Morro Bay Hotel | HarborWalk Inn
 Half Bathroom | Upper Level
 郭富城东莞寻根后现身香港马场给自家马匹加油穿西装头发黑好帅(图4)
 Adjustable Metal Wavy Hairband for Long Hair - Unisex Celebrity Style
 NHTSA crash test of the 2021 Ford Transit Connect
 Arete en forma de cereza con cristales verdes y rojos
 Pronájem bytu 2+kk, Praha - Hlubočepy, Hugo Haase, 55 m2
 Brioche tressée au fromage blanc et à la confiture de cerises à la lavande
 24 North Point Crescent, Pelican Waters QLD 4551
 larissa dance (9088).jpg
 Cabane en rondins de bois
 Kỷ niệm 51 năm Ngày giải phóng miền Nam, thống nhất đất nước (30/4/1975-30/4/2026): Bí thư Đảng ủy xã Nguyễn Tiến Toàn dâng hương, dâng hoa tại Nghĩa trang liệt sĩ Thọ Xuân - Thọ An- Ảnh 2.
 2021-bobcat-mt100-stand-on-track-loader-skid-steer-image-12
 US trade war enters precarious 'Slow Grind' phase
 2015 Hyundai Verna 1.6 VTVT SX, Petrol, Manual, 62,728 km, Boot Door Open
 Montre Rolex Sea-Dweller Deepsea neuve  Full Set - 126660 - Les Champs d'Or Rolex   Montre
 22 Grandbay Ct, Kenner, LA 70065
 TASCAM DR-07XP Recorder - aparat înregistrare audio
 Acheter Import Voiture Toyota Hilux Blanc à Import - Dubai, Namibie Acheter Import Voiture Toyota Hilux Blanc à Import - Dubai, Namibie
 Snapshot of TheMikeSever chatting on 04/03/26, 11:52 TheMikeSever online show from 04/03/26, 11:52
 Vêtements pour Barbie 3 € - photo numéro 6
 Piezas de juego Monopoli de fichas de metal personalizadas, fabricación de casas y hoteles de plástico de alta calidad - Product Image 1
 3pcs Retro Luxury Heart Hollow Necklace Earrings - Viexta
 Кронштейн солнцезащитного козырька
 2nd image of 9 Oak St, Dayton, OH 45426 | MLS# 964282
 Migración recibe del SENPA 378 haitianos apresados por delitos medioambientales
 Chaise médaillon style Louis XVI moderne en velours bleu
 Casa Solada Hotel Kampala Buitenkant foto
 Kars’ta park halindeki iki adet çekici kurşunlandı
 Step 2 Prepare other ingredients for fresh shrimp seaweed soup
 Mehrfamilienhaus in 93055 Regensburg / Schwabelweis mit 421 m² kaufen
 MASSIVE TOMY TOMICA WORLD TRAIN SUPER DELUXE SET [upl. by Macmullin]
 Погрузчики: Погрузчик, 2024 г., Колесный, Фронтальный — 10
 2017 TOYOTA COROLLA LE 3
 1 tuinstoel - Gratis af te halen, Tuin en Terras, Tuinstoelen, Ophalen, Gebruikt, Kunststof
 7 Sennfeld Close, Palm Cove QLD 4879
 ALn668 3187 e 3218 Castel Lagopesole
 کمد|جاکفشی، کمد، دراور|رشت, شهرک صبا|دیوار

=== Task description ===
Give back each line above precisely as it stands.

=== Problem solution ===
Morro Bay Hotel | HarborWalk Inn
 Half Bathroom | Upper Level
 郭富城东莞寻根后现身香港马场给自家马匹加油穿西装头发黑好帅(图4)
 Adjustable Metal Wavy Hairband for Long Hair - Unisex Celebrity Style
 NHTSA crash test of the 2021 Ford Transit Connect
 Arete en forma de cereza con cristales verdes y rojos
 Pronájem bytu 2+kk, Praha - Hlubočepy, Hugo Haase, 55 m2
 Brioche tressée au fromage blanc et à la confiture de cerises à la lavande
 24 North Point Crescent, Pelican Waters QLD 4551
 larissa dance (9088).jpg
 Cabane en rondins de bois
 Kỷ niệm 51 năm Ngày giải phóng miền Nam, thống nhất đất nước (30/4/1975-30/4/2026): Bí thư Đảng ủy xã Nguyễn Tiến Toàn dâng hương, dâng hoa tại Nghĩa trang liệt sĩ Thọ Xuân - Thọ An- Ảnh 2.
 2021-bobcat-mt100-stand-on-track-loader-skid-steer-image-12
 US trade war enters precarious 'Slow Grind' phase
 2015 Hyundai Verna 1.6 VTVT SX, Petrol, Manual, 62,728 km, Boot Door Open
 Montre Rolex Sea-Dweller Deepsea neuve  Full Set - 126660 - Les Champs d'Or Rolex   Montre
 22 Grandbay Ct, Kenner, LA 70065
 TASCAM DR-07XP Recorder - aparat înregistrare audio
 Acheter Import Voiture Toyota Hilux Blanc à Import - Dubai, Namibie Acheter Import Voiture Toyota Hilux Blanc à Import - Dubai, Namibie
 Snapshot of TheMikeSever chatting on 04/03/26, 11:52 TheMikeSever online show from 04/03/26, 11:52
 Vêtements pour Barbie 3 € - photo numéro 6
 Piezas de juego Monopoli de fichas de metal personalizadas, fabricación de casas y hoteles de plástico de alta calidad - Product Image 1
 3pcs Retro Luxury Heart Hollow Necklace Earrings - Viexta
 Кронштейн солнцезащитного козырька
 2nd image of 9 Oak St, Dayton, OH 45426 | MLS# 964282
 Migración recibe del SENPA 378 haitianos apresados por delitos medioambientales
 Chaise médaillon style Louis XVI moderne en velours bleu
 Casa Solada Hotel Kampala Buitenkant foto
 Kars’ta park halindeki iki adet çekici kurşunlandı
 Step 2 Prepare other ingredients for fresh shrimp seaweed soup
 Mehrfamilienhaus in 93055 Regensburg / Schwabelweis mit 421 m² kaufen
 MASSIVE TOMY TOMICA WORLD TRAIN SUPER DELUXE SET [upl. by Macmullin]
 Погрузчики: Погрузчик, 2024 г., Колесный, Фронтальный — 10
 2017 TOYOTA COROLLA LE 3
 1 tuinstoel - Gratis af te halen, Tuin en Terras, Tuinstoelen, Ophalen, Gebruikt, Kunststof
 7 Sennfeld Close, Palm Cove QLD 4879
 ALn668 3187 e 3218 Castel Lagopesole
 کمد|جاکفشی، کمد، دراور|رشت, شهرک صبا|دیوار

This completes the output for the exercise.